OK, let’s suppose you have these two tables. What next? All of goMortgage’s activity is driven by a specification (*.gom) file. Let’s look through one of these.

The .gom file

The .gom entries are in a key/val format. Both the keys and values are case-sensitive. We’ll go through the file dq.gom This .gom file builds a delinquency model. It’s a hazard model, or perhaps better termed, a conditional softmax model. The model estimates the probability the loan is in one of 13 delinquency states each month of the forecast period. The forecast period is 180 months. The 13 delinquency states are: current, 1 through 11 months delinquent and 12+ months delinquent. The condition of “conditional” softmax is that (a) the loan exists at the beginning of the month and (b) it doesn’t prepay/default that month.

Let’s review the entries. The first key is the title which will appear on graphs. The next entry, “outDir”, is the one key that is always required. It specifies the location of the output of the run. When goMortgages runs dq.gom, all the non-ClickHouse output will be sent to “/home/will/goMortgage/dq”. The directory structure is here.

The next three keys instruct goMortgage to build the data it needs from source tables, then build and assess the model.

title: DQ model
outDir: /home/will/goMortgage/dq
buildData: yes
buildModel: yes
assessModel: yes

buildData

See here for details on buildData keys.

The code below specifies the data build. The loan-level data is sampled in two passes. See data build for details. The two blocks specify the target sample size, strata and where clauses for each pass. The where clauses restrict the choice set.

The pass 1 sampling is along the fields state, aoDt (as-of date) aoAge (loan age at as-of date) and aoDqCap6. aoDqCap6 is the as-of delinquency capped at 6 months (values greater than 6 are set to 6). goMortgage will do its best to stratify along these fields jointly, targeting an output data set of 30,000,000 rows. Each row is a loan at a specified (state, aoDt, aoAge, aoDqCap6). Of course, state is fixed for a loan and each loan has but one aoAge and aoDqCap6 at a given aoDt. The where1 clause specifies which loans are considered for the sample. The code essentially restricts the selection to loans that are active and less than 25 months delinquent.

The pass 1 sample is a compact representation.

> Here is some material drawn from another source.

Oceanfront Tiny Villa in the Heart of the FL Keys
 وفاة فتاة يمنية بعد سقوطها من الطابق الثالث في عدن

What we’re sampling in pass 2 is each loan in pass 1 at every possible month after aoDt (to determine the target date). The code directs the pass 2 sample to stratify along fcstMonth and trgDt targeting a sample size of 3,000,000. fcstMonth is the number of months since aoDt and trgDt is the target date. The where2 clause restricts the candidate set to dates that are after the as-of date and which are still active.

Note: you can specify the stratification field as “noGroups” if you want a simple random sample.

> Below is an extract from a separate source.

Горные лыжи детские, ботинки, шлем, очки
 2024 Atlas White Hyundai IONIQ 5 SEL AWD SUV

// fields to stratify on at pass 1
strats1: state, aoDt, aoAge, aoDqCap6
// target # of rows in output of pass 1
sampleSize1: 30000000
// at the as-of date, we restrict to active loans with a max dq of 24 months and balance greater than $10k
where1: aoAge >= 0 AND aoDq >= 0 AND aoDq <= 24 AND aoUpb > 10000 AND mon.zb='00'

// fields to stratify on at pass 2
strats2: fcstMonth, trgDt
// target # of rows in output of pass 2
sampleSize2: 3000000
// at the target date, we restrict to dates after the as-of date which are active.
where2:  trgZb='00' AND fcstMonth > 0

These keys specify the source and type of the input data. The “mtgFields” key specifies that this is Fannie data. The “econ” entries specify the ClickHouse table with non-loan data and the field to join on. The most granular geo field in the Fannie data is the 3-digit zip.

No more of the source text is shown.